The result should be an exact copy of only the lines from the one holding "a group of people" through the last line of the data below, please, without pictures.

══ Given information

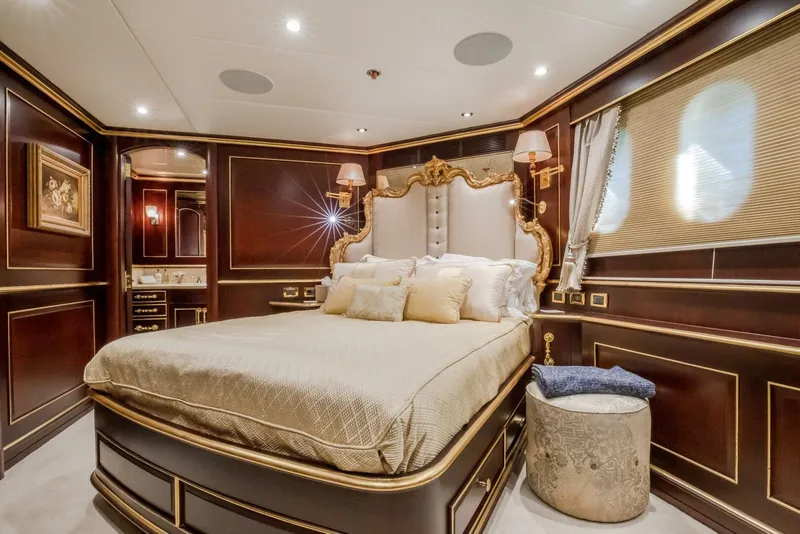 Slide: The Image of Luxurious bedroom on 2009 Horizon Model Tri-Deck yacht with elegant decor and plush bedding. - 34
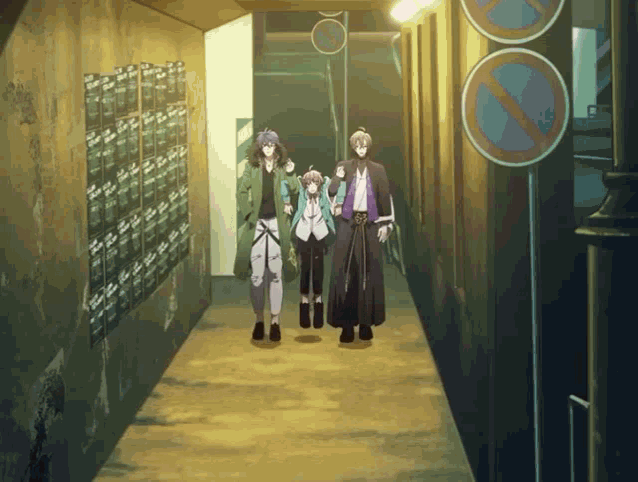 a group of people walking down a hallway with a no parking sign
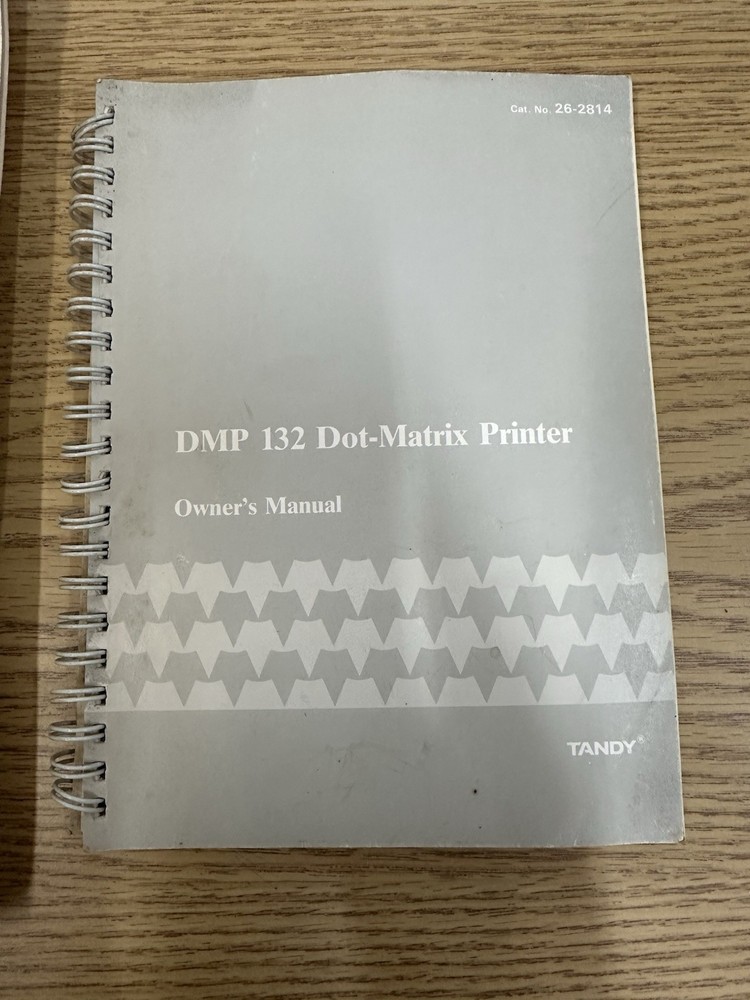 DeskMate TANDY USER REFERENCE MANUAL and DMP 132 Dot-Matrix Printer Manual.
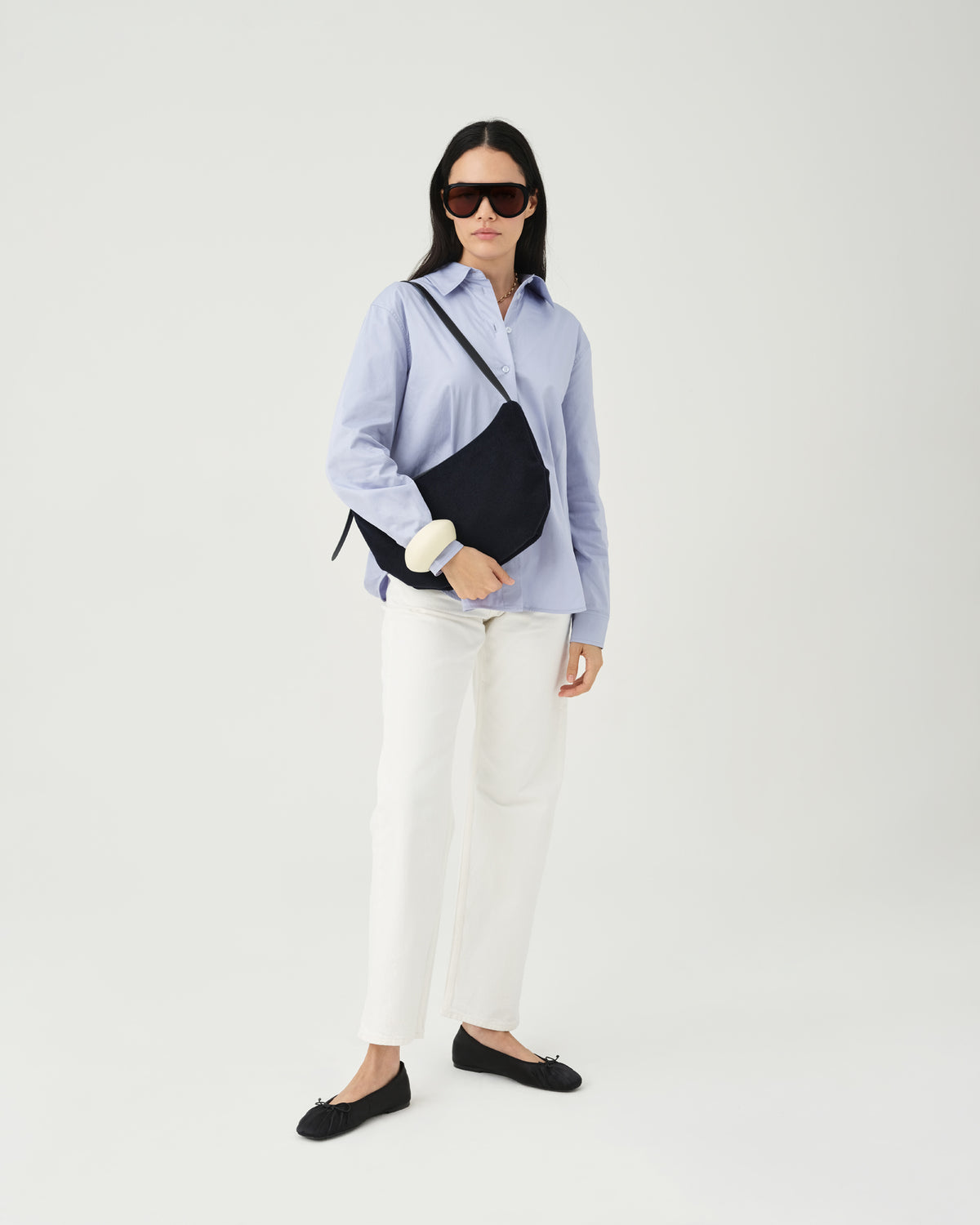 A model wearing a light blue button-up shirt, white pants, and dark sunglasses holds an Essence Wool Banana bag with black handles against a white studio background.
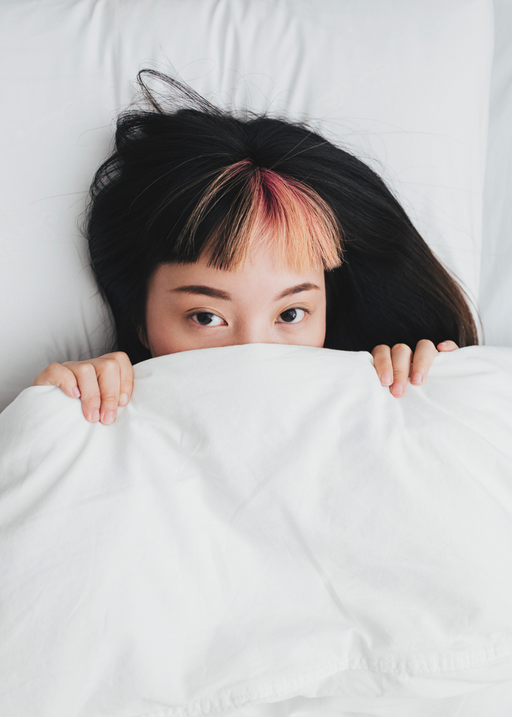 woman in bed trying to sleep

════

# [Task output]
 a group of people walking down a hallway with a no parking sign
 DeskMate TANDY USER REFERENCE MANUAL and DMP 132 Dot-Matrix Printer Manual.
 A model wearing a light blue button-up shirt, white pants, and dark sunglasses holds an Essence Wool Banana bag with black handles against a white studio background.
 woman in bed trying to sleep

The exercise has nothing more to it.